Monday’s mainly virtual official commemoration will not be a celebration. It will include a declaration on the U.N.’s 75th anniversary, approved by diplomats from all U.N. member states after sometimes heated negotiations. Then, representatives from over 180 countries are expected to deliver pre-recorded speeches lasting three minutes.
“It’s very unfortunate that it’s going to be a pretty gloomy celebration for the U.N,” said Richard Gowan, U.N. director for the Crisis Group, a Brussels-based think tank.
Former Trump national security adviser John Bolton, a longtime U.N. critic who previously served as U.N. ambassador, said the United Nations did not meet expectations at the end of the Cold War in the early 1990s “that with Cold War gridlock removed, it would once again be effective.”
Bolton said President Donald Trump isn’t going to tackle the U.N. reforms that he would like to see if he wins a second term. “I think he doesn’t fully understand it, doesn’t care about it, like much of the world of foreign policy,” Bolton said.

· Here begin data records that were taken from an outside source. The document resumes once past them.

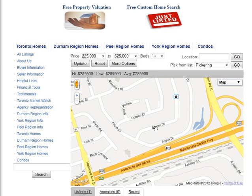Are you looking for homes for sale around Barnes Drive in Ajax? Welcome to our interactive map, which is updated daily.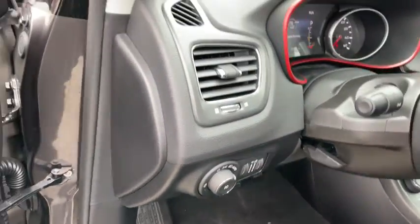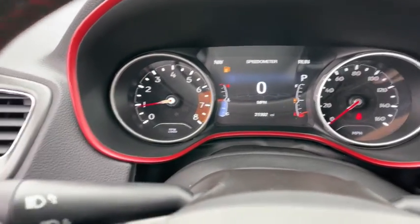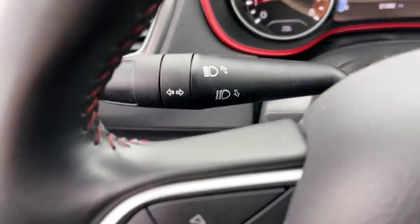This vehicle has less than 25,000 miles. Here are some of this vehicle's great options: traction control, dual airbags, power steering.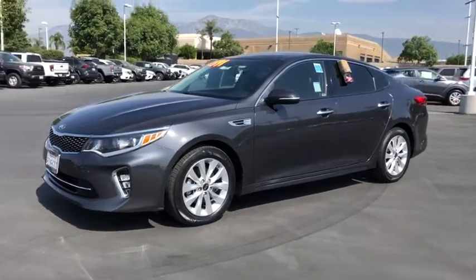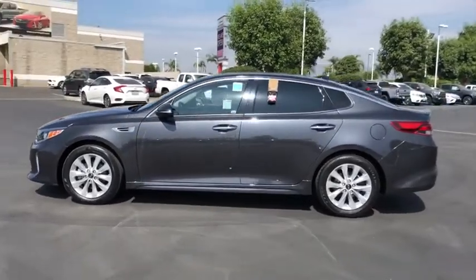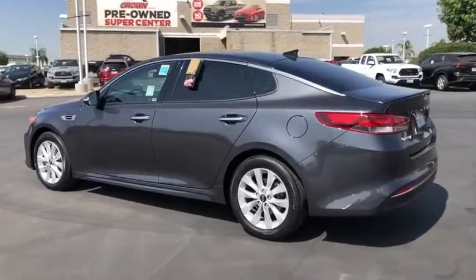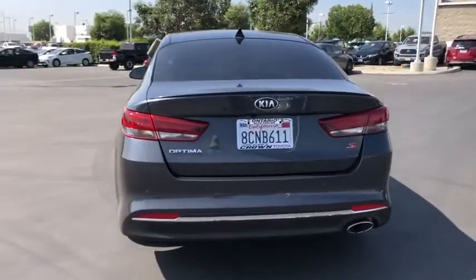Come test drive the 2018 Kia Optima. The all-new Kia Optima offers a new level of style and performance features. The Optima also features engine management systems like direct injection and turbocharging, which enhance performance without sacrificing fuel efficiency.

If Democratic candidate Joe Biden wins, “they’ll want to do more through the U.N., but I don’t think they’ve thought it through either,” Bolton said. “So I think you’re at a period of uncertainty that’s going to last for some time.”
To mark its 75th anniversary, the United Nations launched “a global conversation” in January using surveys, polls, online and in-person gatherings to find out what all kinds of people were thinking about the future. The results, which secretary-general called “striking,” were released Monday.
According to the surveys, over one million people from all 193 U.N. member nations took part, including 50,000 people in 50 diverse countries who were part of a scientific poll.
Fabrizio Hochschild-Drummond, the secretary-general’s special adviser on the 75th anniversary commemoration, said it was striking that against the backdrop of polarization, disagreement and deadlock, respondents across all regions, ages and social groups “were remarkably united in their priorities for the future.”
Amid the COVID-19 crisis, he said, the immediate priority for respondents is access to affordable health care, safe water and sanitation and education, followed by greater international solidarity and increased support to those hardest-hit by the pandemic.
Over 87 % of respondents “believe global cooperation is vital to deal with today’s challenges,” Hochschild-Drummond said, and 74 percent said they believe the U.N. is essential in tackling the challenges the world faces.
Guterres said the 75th anniversary is an ideal time to realize these aims.
“We face our own 1945 moment,” he said. “We must meet that moment. We must show unity like never before to overcome today’s emergency, get the world moving and working and prospering again.”